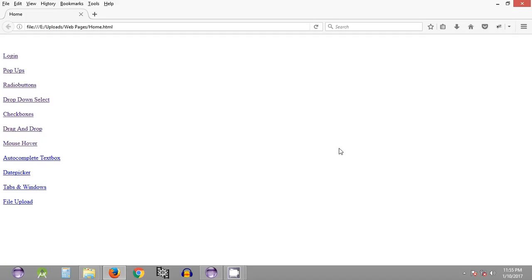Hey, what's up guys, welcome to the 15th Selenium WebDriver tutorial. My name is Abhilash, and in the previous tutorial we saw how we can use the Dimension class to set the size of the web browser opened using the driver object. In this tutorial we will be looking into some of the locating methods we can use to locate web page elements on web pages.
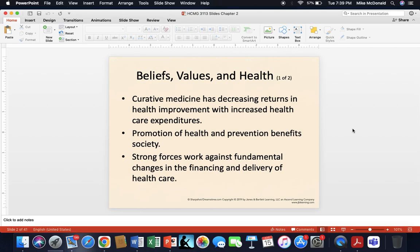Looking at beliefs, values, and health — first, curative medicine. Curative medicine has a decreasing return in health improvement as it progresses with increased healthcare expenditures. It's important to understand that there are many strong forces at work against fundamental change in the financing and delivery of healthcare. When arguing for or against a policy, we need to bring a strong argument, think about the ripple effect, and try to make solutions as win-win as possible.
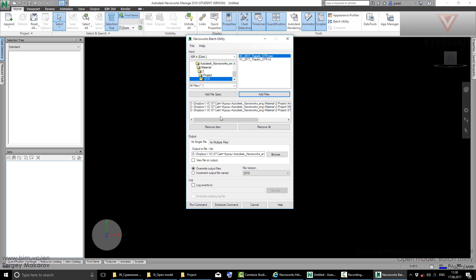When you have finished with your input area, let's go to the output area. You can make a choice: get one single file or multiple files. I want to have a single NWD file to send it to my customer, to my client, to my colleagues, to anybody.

AIM OF THE TASK »
Pictures stay out; the data above is to be returned exactly.

FINISHED EXERCISE »
Hey, what's up guys, welcome to the 15th Selenium WebDriver tutorial. My name is Abhilash, and in the previous tutorial we saw how we can use the Dimension class to set the size of the web browser opened using the driver object. In this tutorial we will be looking into some of the locating methods we can use to locate web page elements on web pages.
Looking at beliefs, values, and health — first, curative medicine. Curative medicine has a decreasing return in health improvement as it progresses with increased healthcare expenditures. It's important to understand that there are many strong forces at work against fundamental change in the financing and delivery of healthcare. When arguing for or against a policy, we need to bring a strong argument, think about the ripple effect, and try to make solutions as win-win as possible.
When you have finished with your input area, let's go to the output area. You can make a choice: get one single file or multiple files. I want to have a single NWD file to send it to my customer, to my client, to my colleagues, to anybody.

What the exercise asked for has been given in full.